• Input:
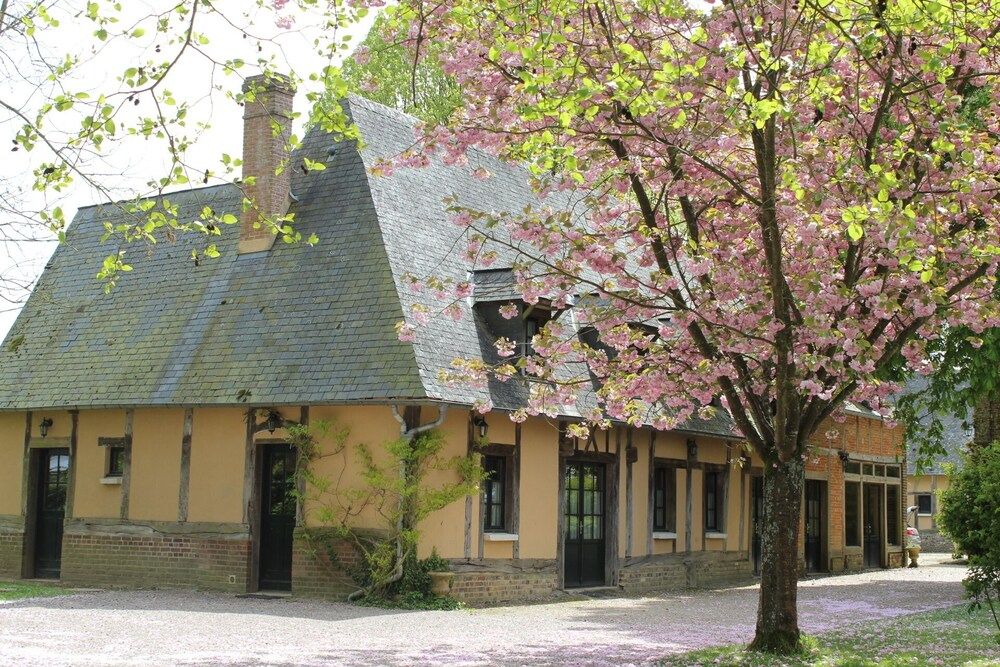 Une maison de campagne confortable dans un parc à l’anglaise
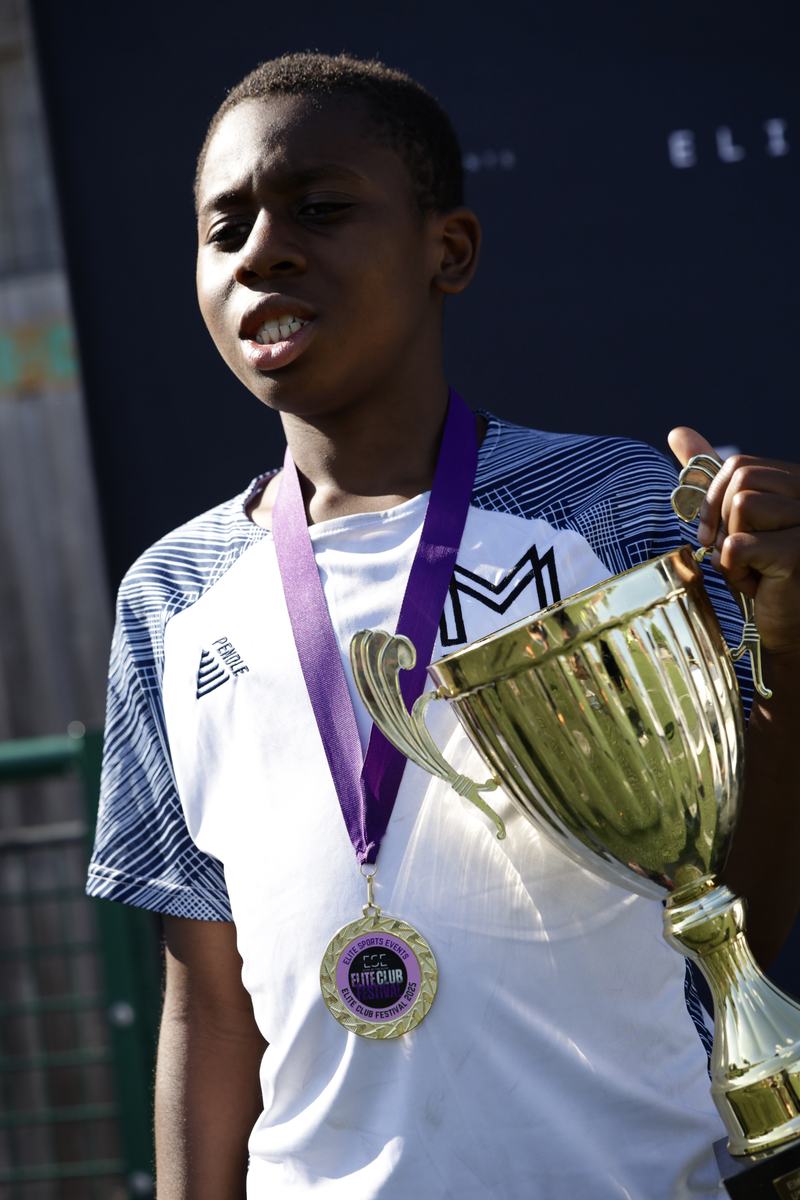 Player wearing a medal and holding a gold trophy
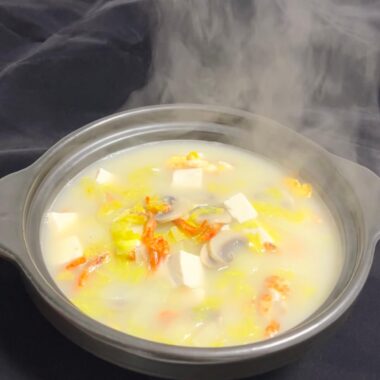 Tofu Soup with vegetables and egg, family style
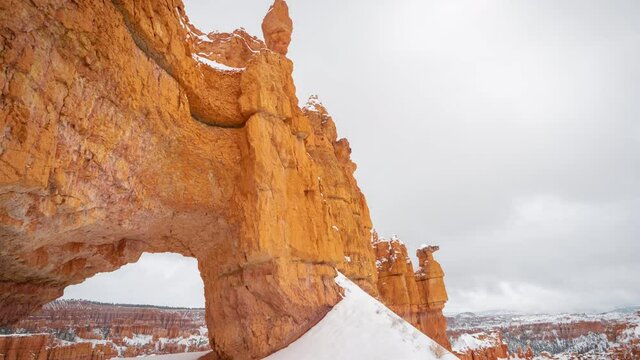 Bryce Canyon National Park Utah USA, Time Lapse of Clouds Moving Above Snow Capped Rock Formations and Natural Arch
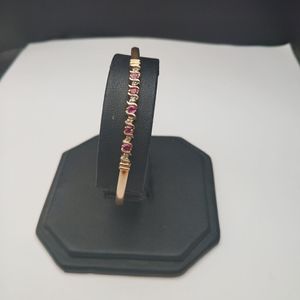  10kt yellow gold bangle bracelet w/ sapphire and diamonds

• Requirement: If a record holds a picture, leave the picture out, but repeat every line exactly.

• Solution to this problem:
 Une maison de campagne confortable dans un parc à l’anglaise
 Player wearing a medal and holding a gold trophy
 Tofu Soup with vegetables and egg, family style
 Bryce Canyon National Park Utah USA, Time Lapse of Clouds Moving Above Snow Capped Rock Formations and Natural Arch
  10kt yellow gold bangle bracelet w/ sapphire and diamonds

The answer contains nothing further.